Scaling Synthesis

Search IconIcon to open search

Discourse graphs could significantly accelerate human synthesis work

Last updated March 17, 2023

Authored By:: Joel Chan

An exciting hypothesis that motivates this work is that making discourse graphs widely available could accelerate human synthesis work, and thereby accelerate innovation and scientific discovery.

To understand why this information model might augment synthesis, consider a researcher who wants to understand what interventions might be most promising for mitigating online harassment. To synthesize a formulation of this complex interdisciplinary problem that can advance the state of the art, she needs material that can help her work through detailed answers to a range of questions. For example, which theories have the most empirical support in this particular setting? Are there conflicting theoretical predictions that might signal fruitful areas of inquiry? What are the key phenomena to keep in mind when designing an intervention (e.g., perceptions of human vs. automated action, procedural considerations, noise in judgments of wrongdoing, scale considerations for spread of harm)? What intervention patterns (whether technical, behavioral, or institutional) have been proposed that are both a) judged on theoretical and circumstantial grounds as likely to be effective in this setting, and b) lacking in direct evidence for efficacy?

The answers to these questions cannot be found simply in the titles of research papers, in groupings of papers by area, or even in citation or authorship networks. The answers lie at lower levels of granularity: the level of theoretical and empirical claims or statements made within publications. For example, “viewers in a Twitch chat engaged in less bad behaviors after a user was banned by a moderator for bad behavior”, and “banning bad actors from a subreddit in 2015 was somewhat effective at mitigating spread of hate speech on other subreddits” are claims that interrelate in complex ways, both supporting other claims/theories that are in tension with each other.

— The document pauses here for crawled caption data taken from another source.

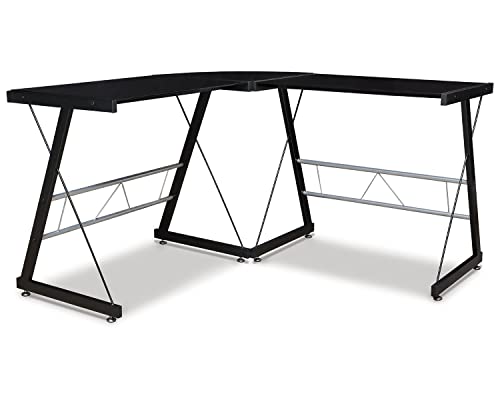 Signature Design by Ashley Mallistron Contemporary Home Office L-Shaped Computer Desk, Black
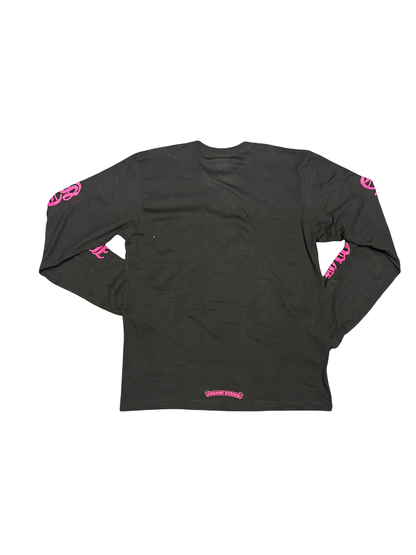 Chrome Hearts Pink Neck Script Long Sleeve Tee (Black/Pink)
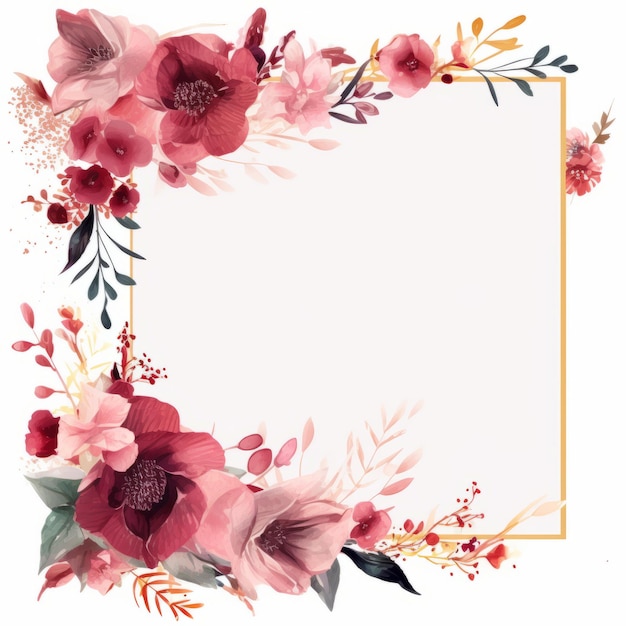 pink flowers and leaves in a square frame on a white background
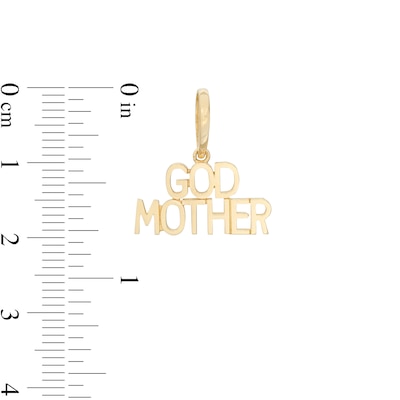 Stacked Uppercase Block "GODMOTHER" Necklace Charm in 10K Solid Gold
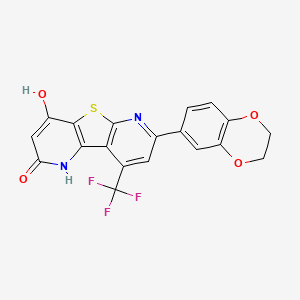 molecular formula C19H11F3N2O4S B2799419 7-(2,3-dihydro-1,4-benzodioxin-6-yl)-2-hydroxy-9-(trifluoromethyl)pyrido[2',3':4,5]thieno[2,3-b]pyridin-4(1H)-one CAS No. 626228-56-6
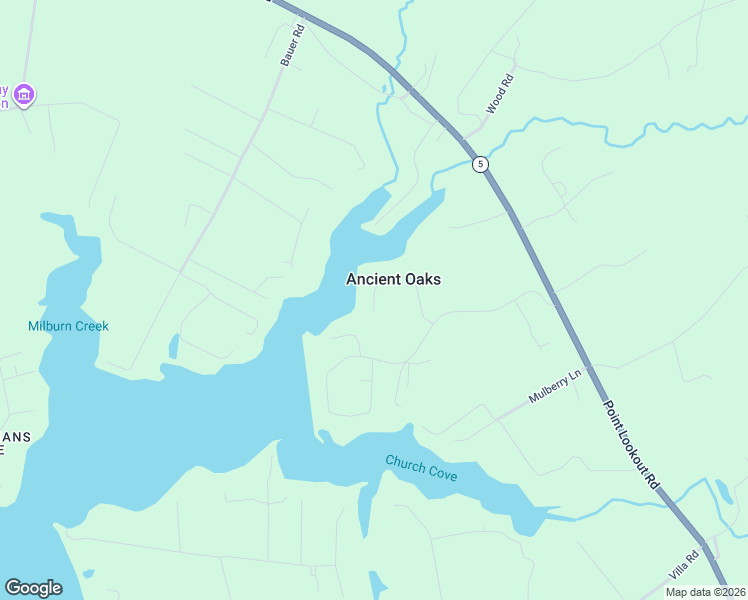 map of restaurants, bars, coffee shops, grocery stores, and more near Post Oak Road in Saint Inigoes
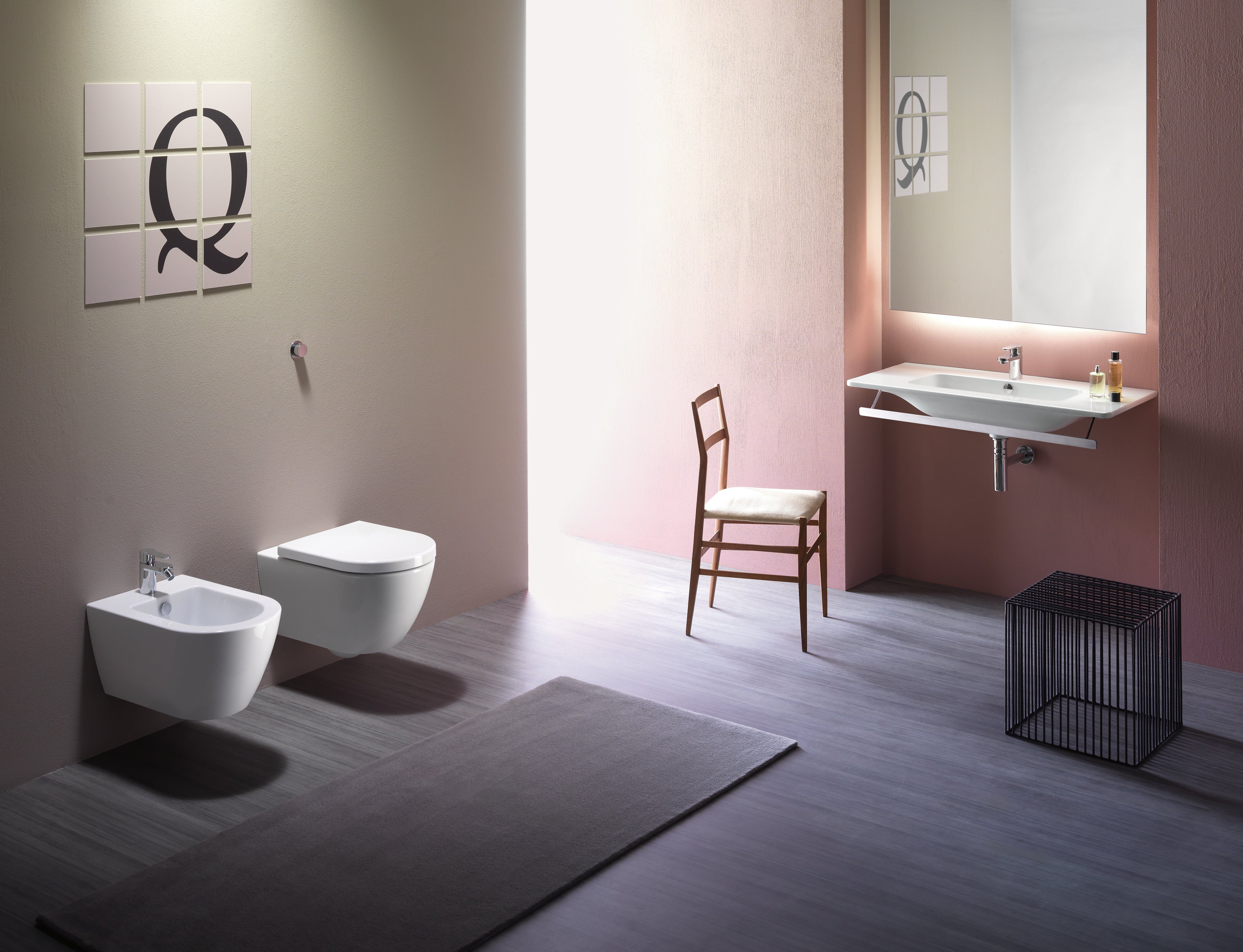 WC installazione a sospensione CM55x36 con sistema di scarico Swirflush - DOMUS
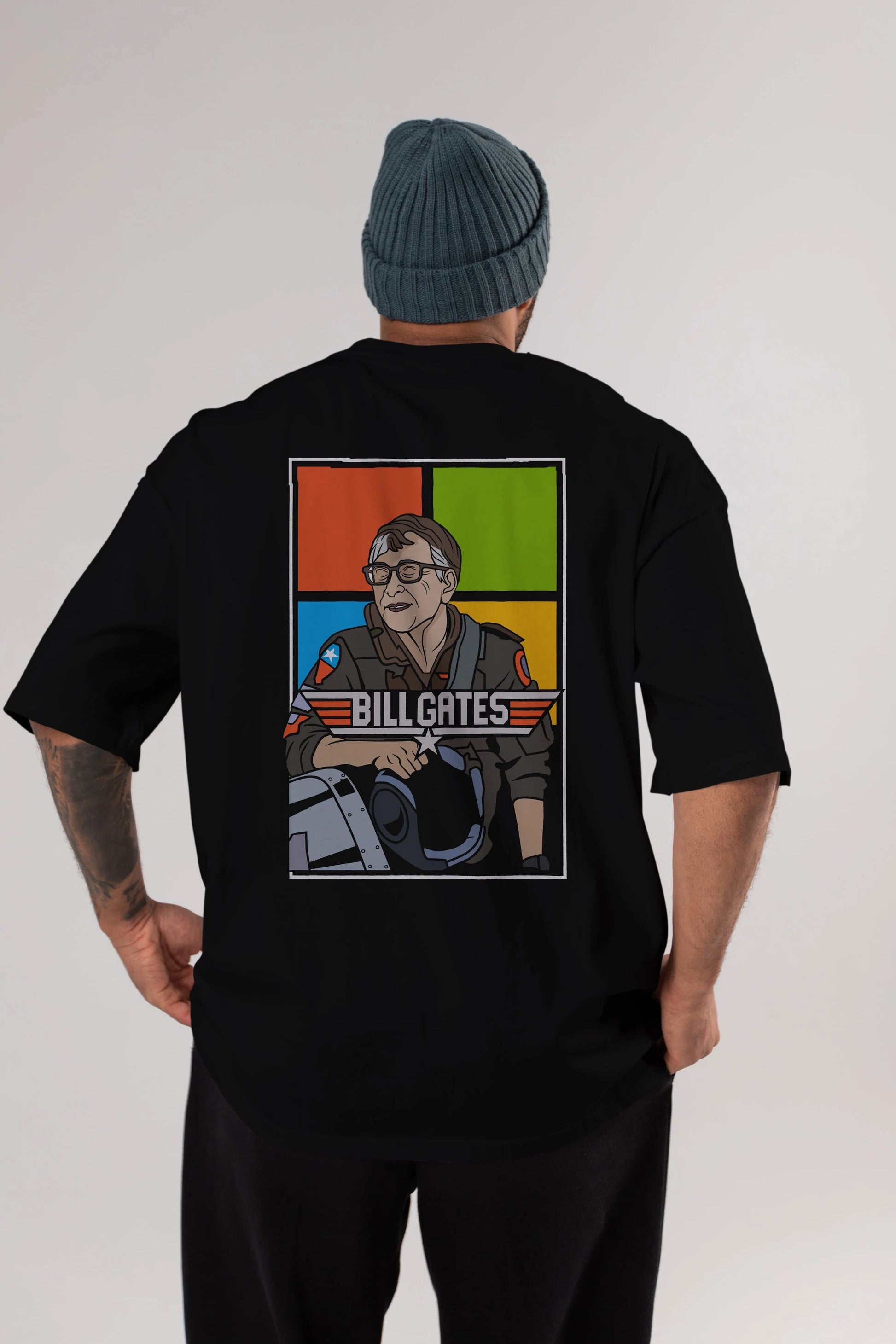 Bill Gates Top Gun Arka Baskılı Oversize t-shirt Erkek Kadın Unisex %100 Pamuk tişort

This level of granularity is crucial not just for finding relevant claims to inform the synthesis, but also for constructing more complex arguments and theories, by connecting statements in logical and discursive relationships.

Beyond operating at the claim level, our researcher will also need to work through a range of contextual details. For example, to judge which studies, findings, or theories are most applicable to her setting, she needs to know key methodological details including the comparability of different studies’ interventions, settings, populations, and outcome measures. She might need to reason over the fact that two studies that concluded limited efficacy of bans had ban interventions that were quite short, on a forum with no identity verification. Or she might reason through the fact that a prominent theory of bad faith and discourse was proposed by a philosopher from the early 2000’s (before the rise of modern social media). To judge the validity of past findings (e.g., what has been established with sufficient certainty, where the frontier might be), she would need to know, for example, which findings came from which measures (e.g., self-report, behavioral measures), and the extent to which findings have been replicated cross authors from different labs, and across a variety of settings (e.g., year, platform, scale).

# Hypothesized individual benefits: Creative synthesis and exploration

A discourse graph as a data structure has key affordances that are hypothesized to enable just these sorts of synthesis operations. Information is represented primarily at the claim or statement level, and embedded in a graph of relationships with other claims and context. In a discourse graph, claims have many-to-many relationships to support composition of more complex arguments and theories, or “decompression” into component supporting/opposing claims. Contextual entities and information, such as methodological details and metadata, are explicitly included in the discourse graph. This supports direct analysis of claims with their evidentiary context, supporting critical engagement, integration, and even reinterpretation of individual findings. The following figure shows how this might be supported in the specific worked example above. Note that discourse graphs need not be represented or manipulated in this visual format; the underlying graph model can be instantiated in a variety of media, such as hypertext notebooks, and also implicitly in various analog implementations that allow for cross-referencing. What is important is the information architecture of representing networks of claims and their context.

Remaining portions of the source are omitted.